Am 23.3.2010 hat das Bundesministerium der Justiz den Entwurf eines Gesetzes zur Anpassung der Vorschriften über den Wertersatz bei Widerruf von Fernabsatzverträgen mit dem Ziel vorgelegt, die Regelungen des Bürgerlichen Gesetzbuchs über den Wertersatz im Falle des Widerrufs eines Fernabsatzvertrags entsprechend den Vorgaben des Europäischen Gerichtshofs auszugestalten.

Anlass für den Gesetzentwurf ist das Urteil des Europäischen Gerichtshofs vom 3.9.2009 (Rs. C-489/07 - Messner, ABl. C 256 vom 24.10.2009, S. 4), wonach es mit Art. 6 Abs. 2 Satz 1 der Richtlinie 97/7/EG (Fernabsatzrichtlinie) vom 20.5.1997 unvereinbar sei, wenn ein Verkäufer vom Verbraucher für die Nutzung einer Ware, die im Fernabsatz gekauft wird, bei fristgerechtem Widerruf generell Wertersatz für die Nutzung der Ware verlangen kann. Zulässig sollen hiernach jedoch Bestimmungen sein, die den Verbraucher zum Wertersatz verpflichten, wenn er die Ware auf eine mit den Grundsätzen von Treu und Glauben oder der ungerechtfertigten Bereicherung unvereinbaren Art und Weise benutzt, sofern insbesondere die Effektivität des Widerrufsrechts hierdurch nicht beeinträchtigt wird.

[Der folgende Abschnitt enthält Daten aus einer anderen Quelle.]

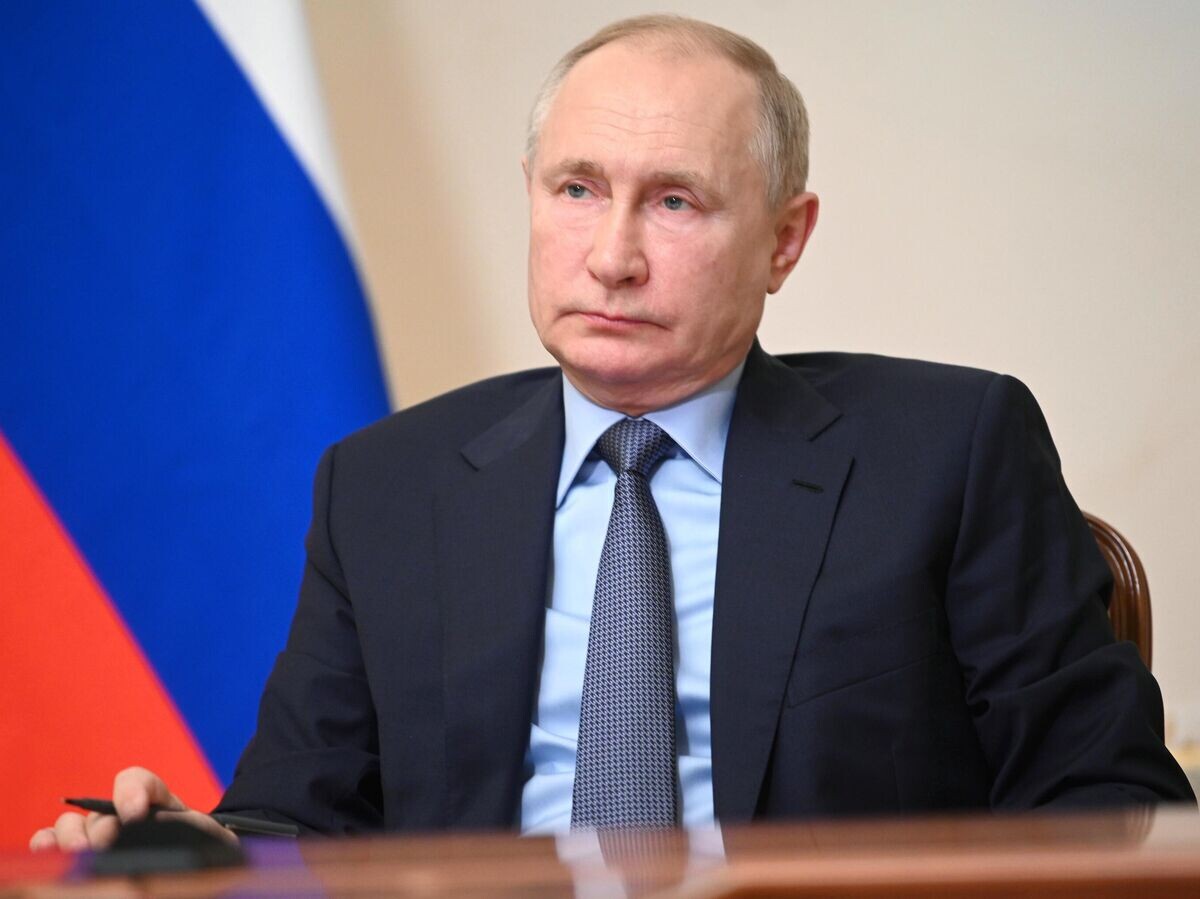    Президент России Владимир Путин проводит совещание по вопросам развития транспортной системы Санкт-Петербурга и Ленинградской области.© РИА Новости . Алексей Никольский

Nach derzeitiger (umstrittener) Gesetzeslage sind gezogene Nutzungen hingegen im Fall des Widerrufs eines Fernabsatzvertrages grundsätzlich herauszugeben bzw. wertmäßig zu ersetzen (§§ 312 d Abs. 1 Satz 1, 357 Abs. 1 Satz 1, 346 Abs. 2 Satz 1 Nr. 1 BGB). Durch den Gesetzesentwurf sollen die Bestimmungen des BGB an die Vorgaben des EuGH angepasst werden.

Die Änderungen beinhalten:

• Aufhebung des § 312 d Abs. 6 BGB

• Einfügung eines neuen § 312 e BGB-E (Wertersatz bei Fernabsatzverträgen)

- Abs. 1: Hiernach soll ein Wertersatz für Nutzungen gelieferter Waren nur dann zu leisten sein, soweit die Nutzung über die bloße Prüfung der Eigenschaften und Funktionsfähigkeit der Ware hinausgeht und der Verbraucher über sein Widerrufsrecht belehrt worden ist. Die Beweislast dafür, dass der Verbraucher die Ware während der Widerrufsfrist nicht in einer Weise benutzt hat, die zur zweckdienlichen Ausübung des Widerrufsrechts erforderlich war, trägt der Unternehmer. 
- Abs. 2 sieht einen Wertersatz für erbrachte Dienstleistungen vor, wenn der Verbraucher vor Abgabe seiner Vertragserklärung hierauf hingewiesen wird und zustimmt, dass vor Ablauf der Widerrufsfrist mit der Ausführung begonnen wird.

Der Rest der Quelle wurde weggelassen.